Before delivery, make sure you’ve got all the postpartum items you’ll need for recovery, whether you deliver vaginally or have a C-section, and that you have everything you need for your little one.

friends nesting monica

7. Pack Your Hospital Bag

Part of your nesting instinct might include packing your hospital bag, which most mom and pregnancy sites agree you should have packed and ready to go around weeks 35 to 37. Make sure hubby’s bag is packed too! There are a lot of lists and articles out there as far as what to include in your bag, but your best bet might be to ask your close friends and family members who are also moms what was absolutely essential to them during labor and delivery, and perhaps more importantly, what wasn’t essential in their bags. You might feel the need to overpack since it’s your first time, but no one wants to lug multiple suitcases around in the middle of labor.

8. Schedule Maternity Leave

If you’re a working mom, be sure to schedule your leave well in advance of your due date. Especially if it’s your first baby, he or she might show up early, on time, or even late, as is usually most common. This means that unless you’re scheduled to be induced, baby could come at any time, so be prepared. Well before your due date, make sure your maternity leave dates and length of time are filed with your supervisor or HR person, and that each relevant co-worker who needs to know has the information as well. You should also look at how much paid time if any you receive through your employer, as well as any other time you’ve accrued. Be sure to check dad’s paternity leave too!

pam maternity leave poker

9. Write a Birth Wish List

Home, birth center, or hospital? Medicated or unmedicated? This task definitely requires you to do your research in advance, especially if you’re planning an unmedicated birth. 
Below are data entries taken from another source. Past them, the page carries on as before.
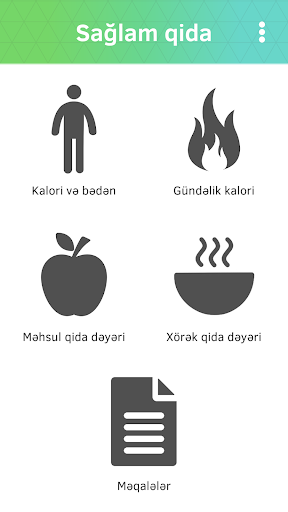 Android application Sağlam qida screenshort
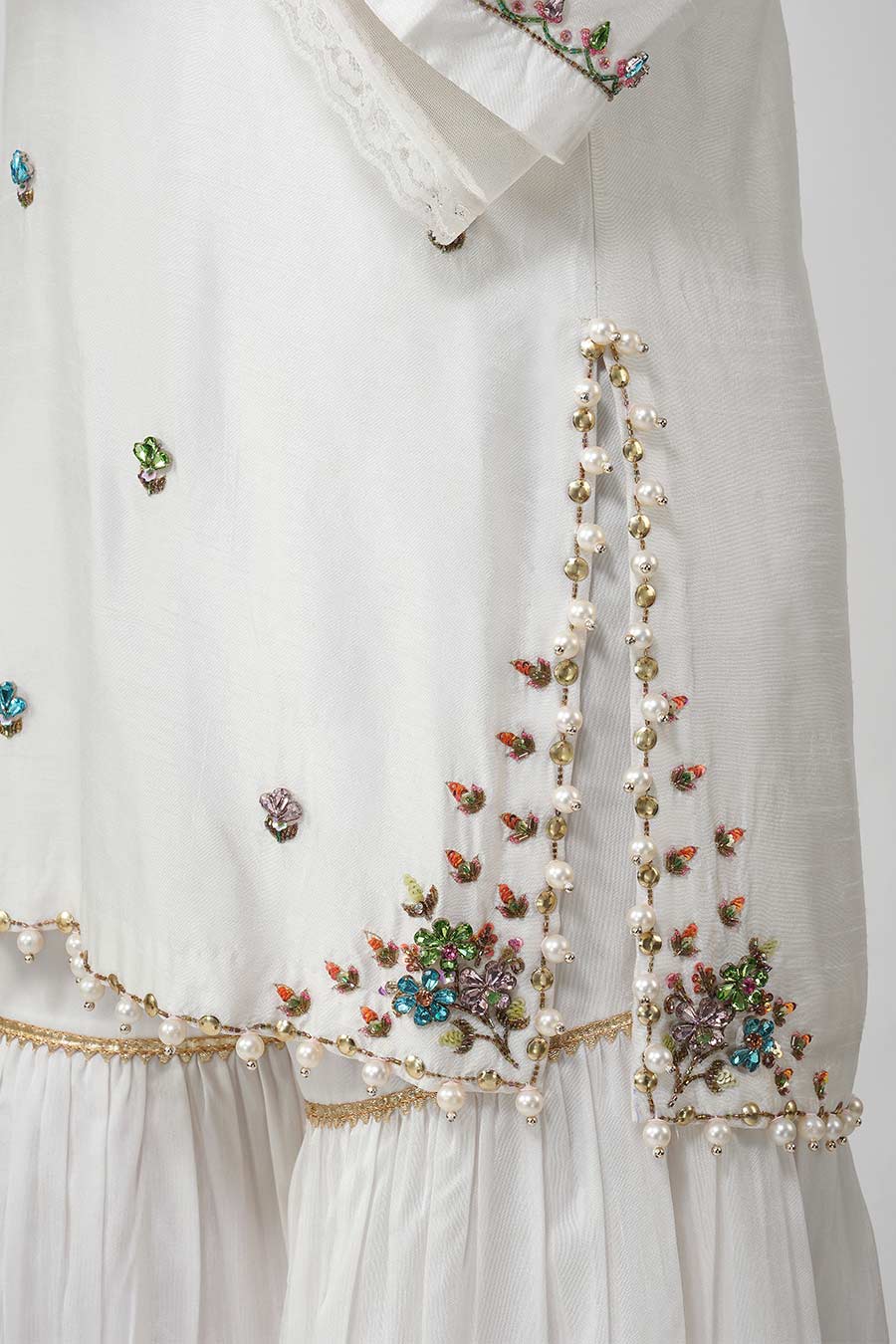 Ivory Crystal Embroidered Gharara Set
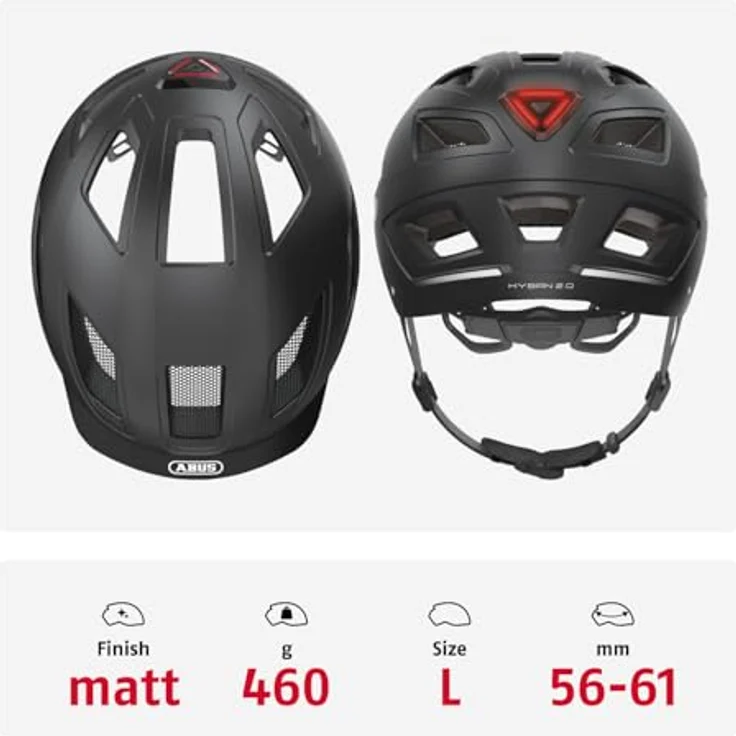Abus Helm Hyban 2. 0 - Velvet Schwarz 56 - 61 cm – Bild 4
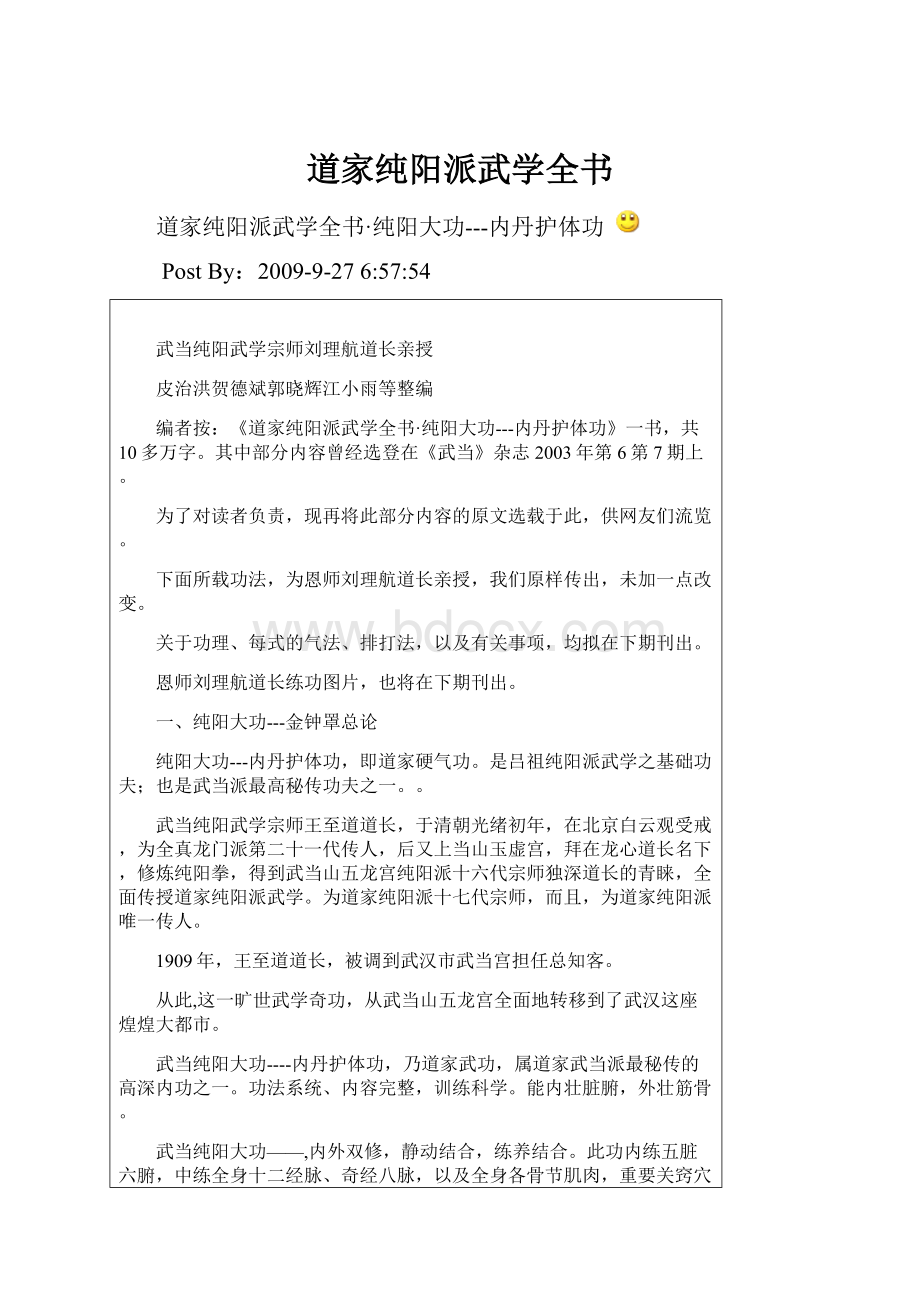 道家纯阳派武学全书.docx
Some sage advice I received from my pregnancy care provider was to make a birth “wish list” instead of a birth plan. A birth wish list is flexible and can accommodate for every surprise or eventuality throughout the labor process (think of a flow chart) whereas a birth plan is much more rigid, meaning that if what’s on your birth plan doesn’t work out either for your health or baby’s health, you might feel tempted to see your birth experience as a failure and feel disappointed. Whatever happens, trust that your birth experience will not be a failure, no matter what. Just look at what you’re getting out of it.

10. Decorate a Nursery

Even if you plan to have your baby in your room for the first few weeks or months, they’ll need a place of their own eventually. Decorating a nursery can help you express your nesting instinct, as well as get your creative energy out. You can also get dad in on the action too, especially if there’s painting or other pregnancy-unfriendly decorating that needs to be done. Creating the space you’ll soon bring your little one home to can be a special experience for both mom and dad, and make your baby’s imminent arrival feel all the more real.

Closing Thoughts

Being pregnant for the first time is an emotional experience. There’s so much pressure on you from all sides, whether it’s family, friends, or social media, to do what everyone else thinks is right for your baby. But don’t let that pressure take away from the joy of the experience, especially because it’s your first time. No matter what Instagram or your mother-in-law may advise, you know what’s best for your baby, and taking part in these tasks can be a fun, memorable and even productive way to commemorate your first pregnancy and the growth of your family.